PROBLEM STATEMENT: Among the records below, find the lines with the word "Modern" and copy them.

........

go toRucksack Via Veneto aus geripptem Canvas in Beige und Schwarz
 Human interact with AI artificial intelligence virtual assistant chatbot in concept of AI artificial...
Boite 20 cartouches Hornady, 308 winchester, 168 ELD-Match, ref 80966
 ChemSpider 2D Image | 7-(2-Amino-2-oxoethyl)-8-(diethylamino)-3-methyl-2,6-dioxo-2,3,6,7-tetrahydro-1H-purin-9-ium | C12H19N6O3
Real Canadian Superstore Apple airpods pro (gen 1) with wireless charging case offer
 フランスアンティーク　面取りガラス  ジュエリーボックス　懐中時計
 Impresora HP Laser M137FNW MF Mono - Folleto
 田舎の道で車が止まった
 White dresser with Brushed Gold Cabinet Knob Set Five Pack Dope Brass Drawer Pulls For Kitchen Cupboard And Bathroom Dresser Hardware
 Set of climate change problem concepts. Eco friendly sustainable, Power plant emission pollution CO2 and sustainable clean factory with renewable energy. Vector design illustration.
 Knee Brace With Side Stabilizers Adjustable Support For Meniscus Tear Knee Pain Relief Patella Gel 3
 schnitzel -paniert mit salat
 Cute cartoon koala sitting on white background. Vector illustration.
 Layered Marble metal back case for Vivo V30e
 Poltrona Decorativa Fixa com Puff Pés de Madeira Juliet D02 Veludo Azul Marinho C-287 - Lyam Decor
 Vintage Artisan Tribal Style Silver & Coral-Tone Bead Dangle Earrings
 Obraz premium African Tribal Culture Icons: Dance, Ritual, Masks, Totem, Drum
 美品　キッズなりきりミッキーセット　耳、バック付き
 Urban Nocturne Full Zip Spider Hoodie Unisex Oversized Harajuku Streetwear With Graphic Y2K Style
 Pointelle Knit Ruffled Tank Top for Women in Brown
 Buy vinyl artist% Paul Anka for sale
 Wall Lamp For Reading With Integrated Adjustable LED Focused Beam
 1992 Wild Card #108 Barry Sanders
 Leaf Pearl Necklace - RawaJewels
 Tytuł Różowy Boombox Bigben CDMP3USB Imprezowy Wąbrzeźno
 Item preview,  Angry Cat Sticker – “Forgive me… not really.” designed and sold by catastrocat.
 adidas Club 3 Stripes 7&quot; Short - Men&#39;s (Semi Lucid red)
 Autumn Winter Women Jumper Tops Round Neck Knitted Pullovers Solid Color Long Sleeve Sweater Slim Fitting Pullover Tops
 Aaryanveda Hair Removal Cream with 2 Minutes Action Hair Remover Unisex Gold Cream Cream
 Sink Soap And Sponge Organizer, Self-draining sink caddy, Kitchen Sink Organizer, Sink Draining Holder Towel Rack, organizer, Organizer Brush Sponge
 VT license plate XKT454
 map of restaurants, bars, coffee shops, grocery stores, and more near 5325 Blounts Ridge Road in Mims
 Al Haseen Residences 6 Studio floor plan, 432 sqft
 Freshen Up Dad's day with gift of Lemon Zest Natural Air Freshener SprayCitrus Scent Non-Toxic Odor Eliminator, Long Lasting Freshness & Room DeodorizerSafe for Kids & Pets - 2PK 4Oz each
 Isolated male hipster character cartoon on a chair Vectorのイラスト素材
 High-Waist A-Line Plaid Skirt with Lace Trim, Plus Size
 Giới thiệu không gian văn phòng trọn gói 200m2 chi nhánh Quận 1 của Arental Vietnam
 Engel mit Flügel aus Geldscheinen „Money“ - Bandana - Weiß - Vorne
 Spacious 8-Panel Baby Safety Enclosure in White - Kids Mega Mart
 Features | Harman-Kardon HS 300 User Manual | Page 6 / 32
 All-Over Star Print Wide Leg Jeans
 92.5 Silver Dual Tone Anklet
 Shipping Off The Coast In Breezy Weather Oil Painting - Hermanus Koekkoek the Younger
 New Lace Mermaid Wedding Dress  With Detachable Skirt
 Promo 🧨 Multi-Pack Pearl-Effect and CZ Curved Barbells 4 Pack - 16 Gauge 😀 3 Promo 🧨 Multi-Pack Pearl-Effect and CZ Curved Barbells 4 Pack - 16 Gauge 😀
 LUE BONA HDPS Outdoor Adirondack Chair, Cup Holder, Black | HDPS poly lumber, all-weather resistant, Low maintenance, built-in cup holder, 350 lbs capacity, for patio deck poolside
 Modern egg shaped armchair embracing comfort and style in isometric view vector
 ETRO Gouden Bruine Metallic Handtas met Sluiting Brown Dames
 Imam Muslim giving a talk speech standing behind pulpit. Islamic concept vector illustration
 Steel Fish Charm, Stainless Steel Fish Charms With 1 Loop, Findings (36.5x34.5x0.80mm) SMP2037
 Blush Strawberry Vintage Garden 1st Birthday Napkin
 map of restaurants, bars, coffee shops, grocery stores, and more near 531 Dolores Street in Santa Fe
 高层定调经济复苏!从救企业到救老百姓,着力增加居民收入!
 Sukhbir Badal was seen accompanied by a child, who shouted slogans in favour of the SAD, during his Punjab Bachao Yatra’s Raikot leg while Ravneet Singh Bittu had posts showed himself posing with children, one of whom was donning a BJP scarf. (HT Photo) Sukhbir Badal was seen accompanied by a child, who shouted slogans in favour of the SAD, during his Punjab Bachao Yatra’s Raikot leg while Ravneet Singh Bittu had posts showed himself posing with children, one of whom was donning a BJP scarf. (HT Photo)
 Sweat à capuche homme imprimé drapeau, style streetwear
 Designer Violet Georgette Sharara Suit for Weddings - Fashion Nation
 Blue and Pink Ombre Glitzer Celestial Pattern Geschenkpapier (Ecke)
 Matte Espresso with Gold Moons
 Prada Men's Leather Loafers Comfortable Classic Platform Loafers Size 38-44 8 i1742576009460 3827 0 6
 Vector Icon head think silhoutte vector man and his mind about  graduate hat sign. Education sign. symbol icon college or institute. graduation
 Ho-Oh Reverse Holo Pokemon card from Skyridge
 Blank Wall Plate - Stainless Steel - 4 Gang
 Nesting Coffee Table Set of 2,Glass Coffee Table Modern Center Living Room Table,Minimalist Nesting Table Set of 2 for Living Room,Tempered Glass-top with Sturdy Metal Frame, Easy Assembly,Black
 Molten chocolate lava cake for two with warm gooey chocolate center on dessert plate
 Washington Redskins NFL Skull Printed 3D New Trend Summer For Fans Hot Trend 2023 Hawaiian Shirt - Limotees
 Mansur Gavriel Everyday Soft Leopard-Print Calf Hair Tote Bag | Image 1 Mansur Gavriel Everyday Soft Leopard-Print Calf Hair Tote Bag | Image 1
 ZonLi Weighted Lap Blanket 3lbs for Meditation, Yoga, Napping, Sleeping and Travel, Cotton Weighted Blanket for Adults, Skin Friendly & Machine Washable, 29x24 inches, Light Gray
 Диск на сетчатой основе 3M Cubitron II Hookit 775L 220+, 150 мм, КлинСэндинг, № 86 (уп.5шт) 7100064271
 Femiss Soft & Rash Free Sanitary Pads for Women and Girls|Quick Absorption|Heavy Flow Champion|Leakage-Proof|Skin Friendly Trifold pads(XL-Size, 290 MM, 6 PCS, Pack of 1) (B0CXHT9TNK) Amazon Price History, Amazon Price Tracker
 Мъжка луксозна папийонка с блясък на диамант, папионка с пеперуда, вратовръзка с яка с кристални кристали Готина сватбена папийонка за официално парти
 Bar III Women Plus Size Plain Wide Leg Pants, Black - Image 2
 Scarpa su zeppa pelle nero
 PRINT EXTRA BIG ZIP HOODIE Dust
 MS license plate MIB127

........

TASK OUTPUT:
 Modern egg shaped armchair embracing comfort and style in isometric view vector
 Nesting Coffee Table Set of 2,Glass Coffee Table Modern Center Living Room Table,Minimalist Nesting Table Set of 2 for Living Room,Tempered Glass-top with Sturdy Metal Frame, Easy Assembly,Black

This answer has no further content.